• Records supplied:
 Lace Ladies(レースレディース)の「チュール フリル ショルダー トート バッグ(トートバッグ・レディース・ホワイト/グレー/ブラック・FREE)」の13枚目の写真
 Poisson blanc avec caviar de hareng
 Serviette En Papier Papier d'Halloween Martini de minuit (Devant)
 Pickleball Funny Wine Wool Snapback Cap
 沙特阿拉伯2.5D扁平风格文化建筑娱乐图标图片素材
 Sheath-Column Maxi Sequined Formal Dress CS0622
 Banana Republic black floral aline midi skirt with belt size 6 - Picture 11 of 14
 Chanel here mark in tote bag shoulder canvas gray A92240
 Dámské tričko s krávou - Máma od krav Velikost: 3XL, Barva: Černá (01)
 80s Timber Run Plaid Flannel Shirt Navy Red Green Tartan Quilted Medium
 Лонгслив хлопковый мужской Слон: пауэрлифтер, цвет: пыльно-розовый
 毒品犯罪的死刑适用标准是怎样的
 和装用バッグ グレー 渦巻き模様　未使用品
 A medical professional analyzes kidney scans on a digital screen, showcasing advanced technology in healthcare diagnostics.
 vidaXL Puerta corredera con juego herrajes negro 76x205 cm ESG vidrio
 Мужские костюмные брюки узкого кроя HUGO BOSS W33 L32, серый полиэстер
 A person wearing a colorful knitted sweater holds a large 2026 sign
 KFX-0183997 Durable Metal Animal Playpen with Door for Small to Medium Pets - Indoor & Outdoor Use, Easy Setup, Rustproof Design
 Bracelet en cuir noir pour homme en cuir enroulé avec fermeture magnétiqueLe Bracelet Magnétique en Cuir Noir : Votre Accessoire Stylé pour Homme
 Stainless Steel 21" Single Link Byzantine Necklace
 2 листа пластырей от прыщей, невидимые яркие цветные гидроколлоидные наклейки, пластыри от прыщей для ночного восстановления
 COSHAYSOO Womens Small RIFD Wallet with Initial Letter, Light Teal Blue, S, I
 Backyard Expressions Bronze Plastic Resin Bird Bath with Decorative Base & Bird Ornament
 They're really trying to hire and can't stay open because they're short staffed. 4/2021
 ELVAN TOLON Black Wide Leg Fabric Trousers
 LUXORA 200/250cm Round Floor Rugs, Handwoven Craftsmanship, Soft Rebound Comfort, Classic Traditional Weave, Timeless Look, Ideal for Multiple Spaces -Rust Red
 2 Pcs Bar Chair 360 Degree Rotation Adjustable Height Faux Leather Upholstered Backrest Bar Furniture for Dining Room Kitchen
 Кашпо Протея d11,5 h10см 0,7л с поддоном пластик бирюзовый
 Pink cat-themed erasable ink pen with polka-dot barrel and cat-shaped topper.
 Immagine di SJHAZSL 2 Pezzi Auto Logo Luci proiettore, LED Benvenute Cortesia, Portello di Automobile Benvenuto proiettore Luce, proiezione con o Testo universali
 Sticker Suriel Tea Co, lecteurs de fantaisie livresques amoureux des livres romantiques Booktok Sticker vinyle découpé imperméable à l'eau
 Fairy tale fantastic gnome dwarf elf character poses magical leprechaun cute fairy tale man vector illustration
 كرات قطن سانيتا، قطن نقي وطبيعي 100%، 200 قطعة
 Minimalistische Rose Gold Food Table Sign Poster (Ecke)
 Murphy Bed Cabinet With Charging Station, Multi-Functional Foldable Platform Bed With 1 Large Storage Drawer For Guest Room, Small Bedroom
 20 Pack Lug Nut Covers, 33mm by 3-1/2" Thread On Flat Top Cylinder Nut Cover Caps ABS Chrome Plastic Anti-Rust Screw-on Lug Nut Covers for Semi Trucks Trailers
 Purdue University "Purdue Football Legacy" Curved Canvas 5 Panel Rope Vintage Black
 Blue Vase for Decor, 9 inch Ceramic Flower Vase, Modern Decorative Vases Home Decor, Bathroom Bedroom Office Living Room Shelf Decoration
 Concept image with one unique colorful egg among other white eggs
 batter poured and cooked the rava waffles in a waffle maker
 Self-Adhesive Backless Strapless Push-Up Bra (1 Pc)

• What you have to do:
Copy out the range of lines above starting at the line with "Лонгслив хлопковый мужской" and ending at the line with "Link Byzantine Necklace", exactly and including both.

• Reply to the exercise:
 Лонгслив хлопковый мужской Слон: пауэрлифтер, цвет: пыльно-розовый
 毒品犯罪的死刑适用标准是怎样的
 和装用バッグ グレー 渦巻き模様　未使用品
 A medical professional analyzes kidney scans on a digital screen, showcasing advanced technology in healthcare diagnostics.
 vidaXL Puerta corredera con juego herrajes negro 76x205 cm ESG vidrio
 Мужские костюмные брюки узкого кроя HUGO BOSS W33 L32, серый полиэстер
 A person wearing a colorful knitted sweater holds a large 2026 sign
 KFX-0183997 Durable Metal Animal Playpen with Door for Small to Medium Pets - Indoor & Outdoor Use, Easy Setup, Rustproof Design
 Bracelet en cuir noir pour homme en cuir enroulé avec fermeture magnétiqueLe Bracelet Magnétique en Cuir Noir : Votre Accessoire Stylé pour Homme
 Stainless Steel 21" Single Link Byzantine Necklace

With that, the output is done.